How to complete this task ::
Once you find the line with "Person holding a tray of vegan brownies" in the data below, transcribe exactly each line from there to the line with "Back view of", inclusive, and nothing else. Drop the pictures.

Given records ::
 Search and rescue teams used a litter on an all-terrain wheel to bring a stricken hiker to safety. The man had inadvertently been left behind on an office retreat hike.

* * *

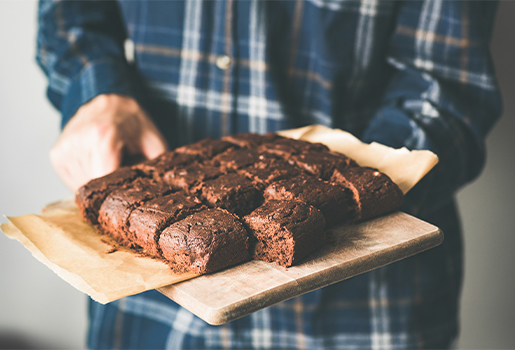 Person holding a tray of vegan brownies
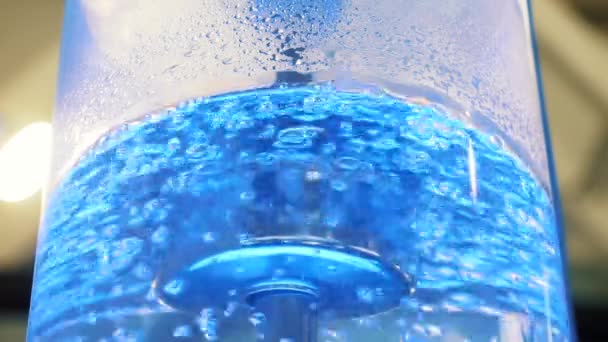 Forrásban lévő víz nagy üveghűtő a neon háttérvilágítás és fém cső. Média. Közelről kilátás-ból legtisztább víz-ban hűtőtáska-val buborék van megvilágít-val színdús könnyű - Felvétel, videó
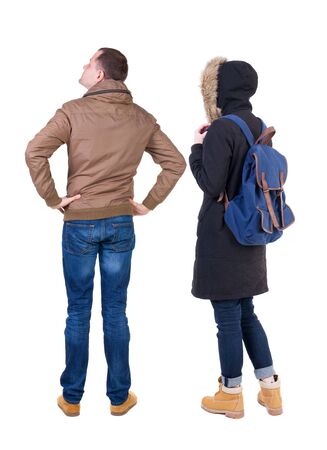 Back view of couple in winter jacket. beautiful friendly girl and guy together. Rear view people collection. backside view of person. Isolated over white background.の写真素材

Your response ::
 Person holding a tray of vegan brownies
 Forrásban lévő víz nagy üveghűtő a neon háttérvilágítás és fém cső. Média. Közelről kilátás-ból legtisztább víz-ban hűtőtáska-val buborék van megvilágít-val színdús könnyű - Felvétel, videó
 Back view of couple in winter jacket. beautiful friendly girl and guy together. Rear view people collection. backside view of person. Isolated over white background.の写真素材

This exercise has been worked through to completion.